Jouer les bons citoyens

Dossier  : Dispositifs participatifs
Les effets contrastés de l'engagement au sein de dispositifs participatifs
Par Julien Talpin
Français

Résumé

Le paradigme délibératif, aujourd’hui dominant dans le champ des théories de la démocratie, repose sur une hypothèse anthropologique forte : la délibération aurait pour vertu de modifier les préférences et l’identité des citoyens en les orientant vers le bien commun. Les présupposés épistémologiques de cette approche (inspirée de la psychologie expérimentale et des sciences cognitives, qui mettent l’accent sur le for intérieur des individus) apparaissent néanmoins erronés.

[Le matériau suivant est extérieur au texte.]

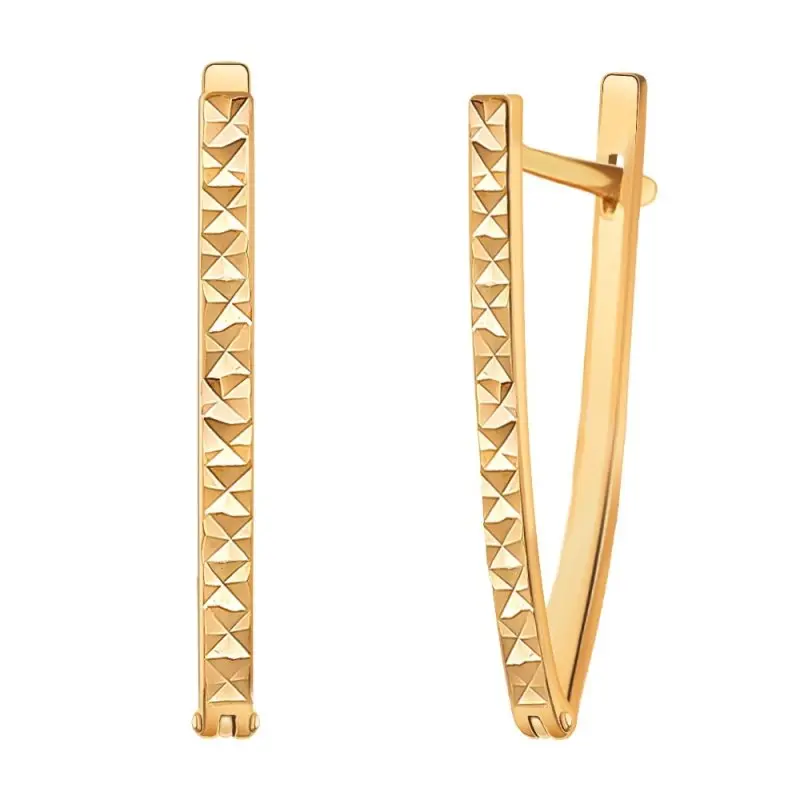 Серьги с английским замком из красного золота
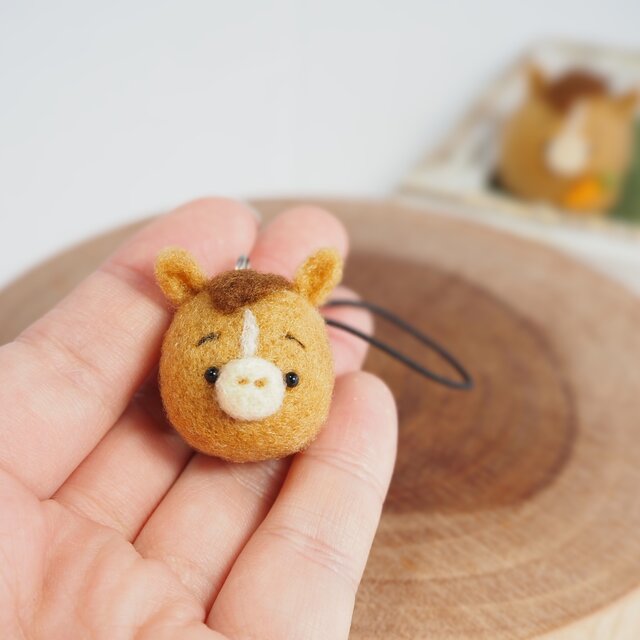 のんびり馬の羊毛フェルトストラップ マリーちゃん様専用羊毛フェルト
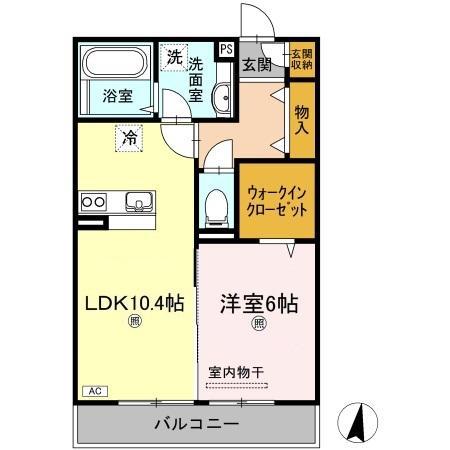 プリマヴェーラ(1LDK/2階)の間取り写真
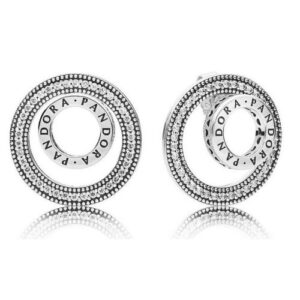 PANDORA logo stud earrings in st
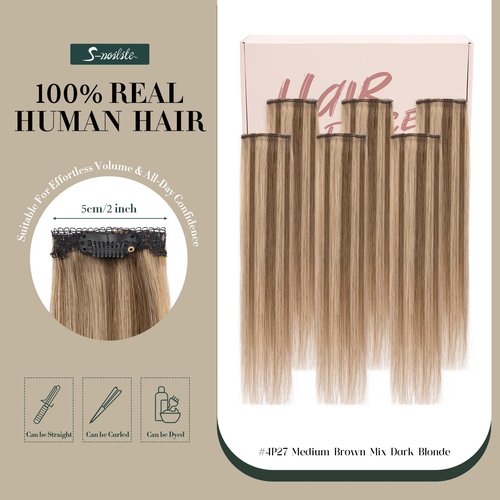 Short Hair Extensions Clip ins,S-noilite Short Clip in Hair Extensions Real Human Hair,Mini Hairpieces for Add Volume and Highlights,6 Pieces 33g 12 inch Medium Brown Mixed Dark Blonde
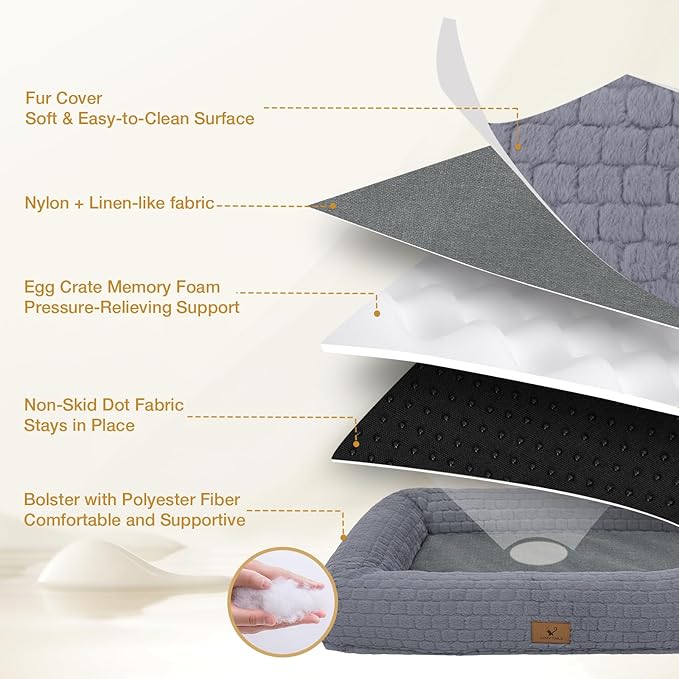 Plush Orthopedic Dog Bed for Medium Large Dogs, Memory Foam Bolster Sofa Bed with Removable Washable Cover, Waterproof Lining & Non-Slip Bottom (Grey-L)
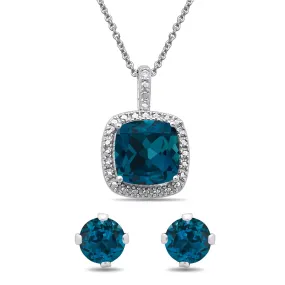 Jewelili Sterling Silver With London Blue Topaz and Natural White Round Diamonds Pendant Necklace with Stud Earrings Jewelry Set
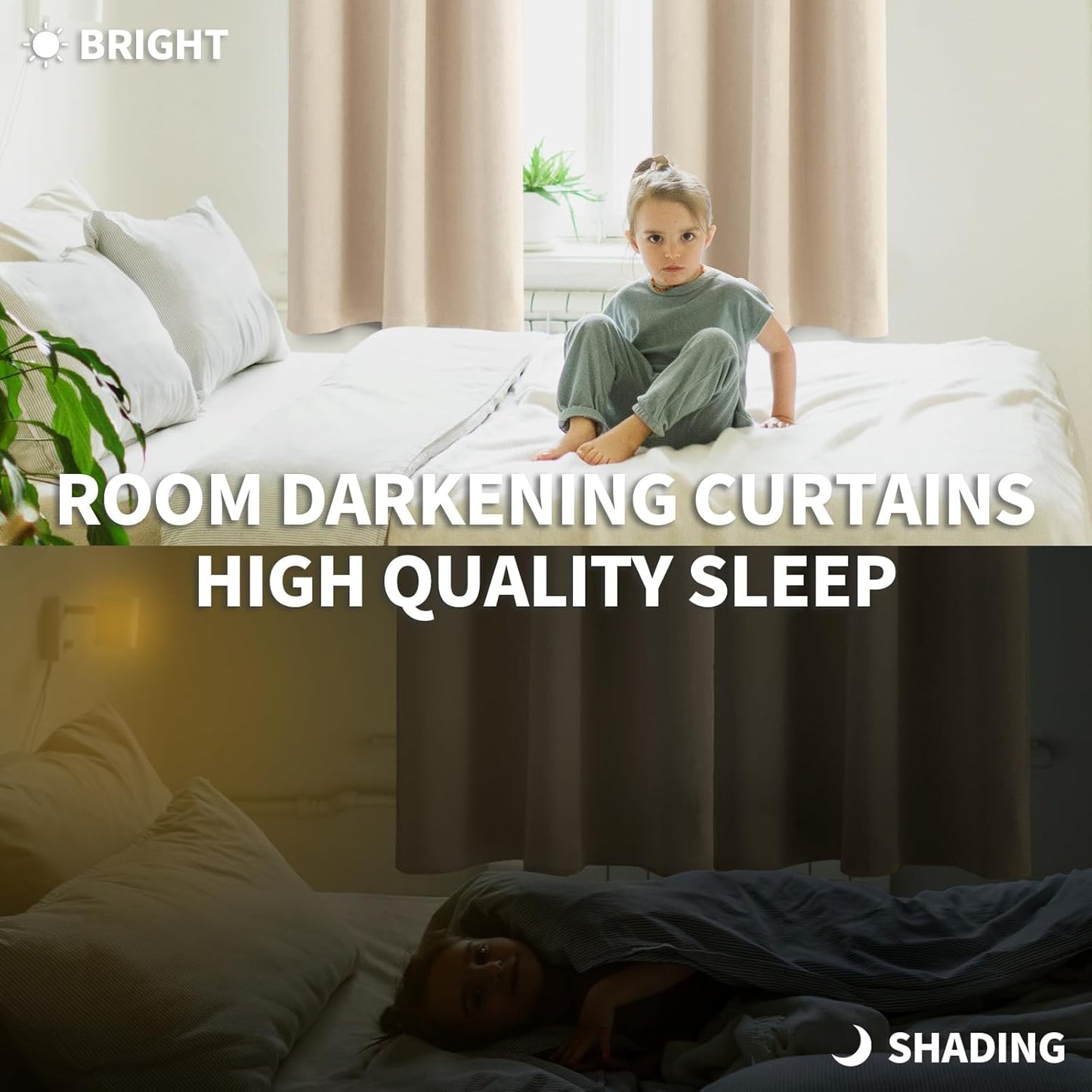 BGment Short Blackout Curtains for Bedroom 40 Inches Long - Thermal Insulated Room Darkening Curtain for Kitchen, Champagne, 34 x 45 Inch, 2 Panels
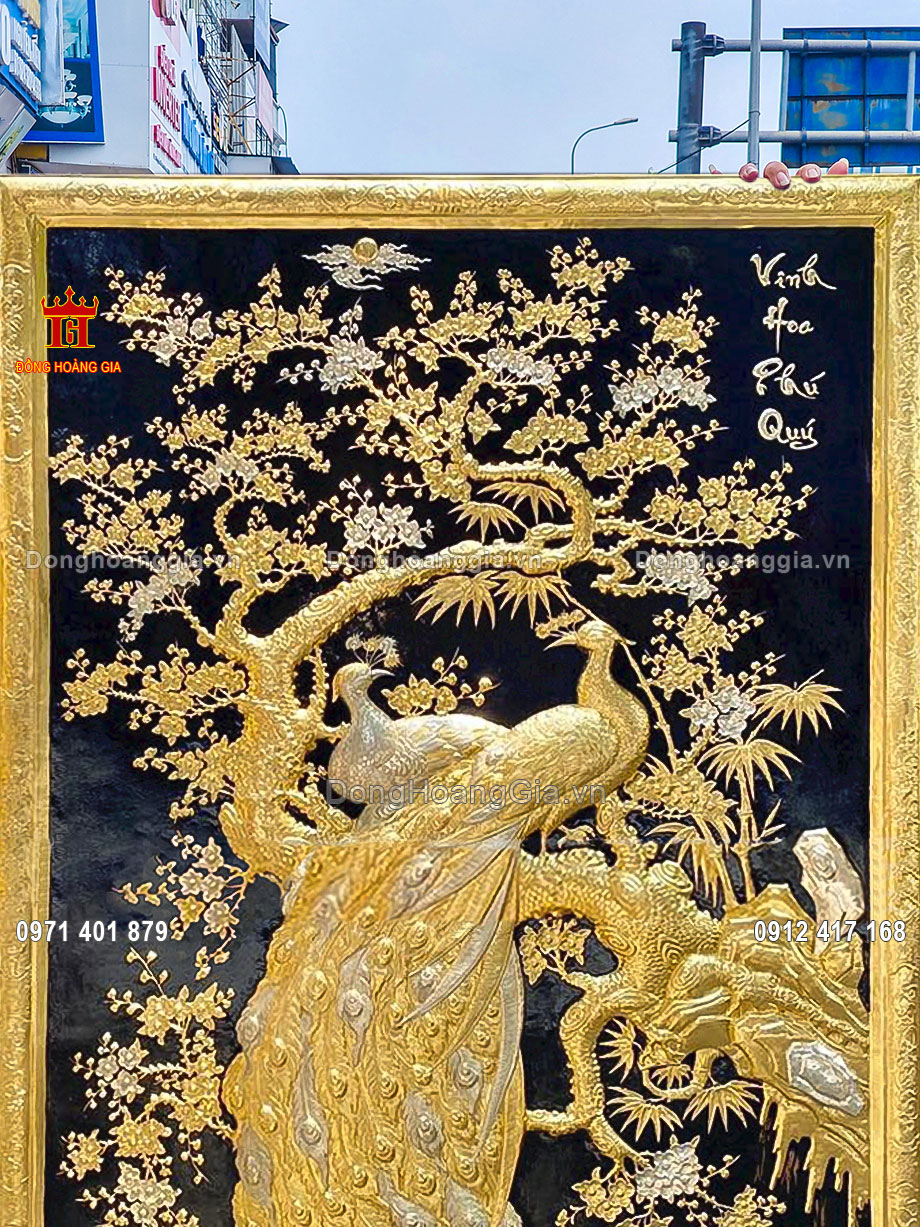 Đồng Hoàng Gia nhận chế tác tranh chim công hoa mai theo yêu cầu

Parce que les opinions individuelles sont le fruit de leurs conditions de production et de leur contexte d’expression, et parce que les décisions prises au sein des dispositifs participatifs où se déploie la délibération sont le fruit des arguments effectivement avancés plus que des préférences supposément possédées, l’étude des effets de la délibération doit se concentrer sur le discours des acteurs en situation, sur l’espace d’interaction où les individus discutent, échangent et agissent de concert, et prennent occasionnellement – selon la situation – le rôle collectivement construit de « bons citoyens. » La compétence civique dans des espaces participatifs requiert ainsi de s’exprimer conformément à une grammaire publique délibérative qui, si elle rejette les postures trop ouvertement politisées, n’est pas proprement apolitique puisqu’elle suppose l’expression d’arguments compatibles avec l’intérêt général. Ces règles grammaticales implicites que font respecter les participants réguliers et intégrés poussent les acteurs à modifier leurs arguments et à endosser le rôle de bons citoyens. La participation à des arènes délibératives peut ainsi se traduire par des bifurcations argumentatives et trajectorielles chez certains interactants qui jouent alors pleinement leur rôle de bon citoyen.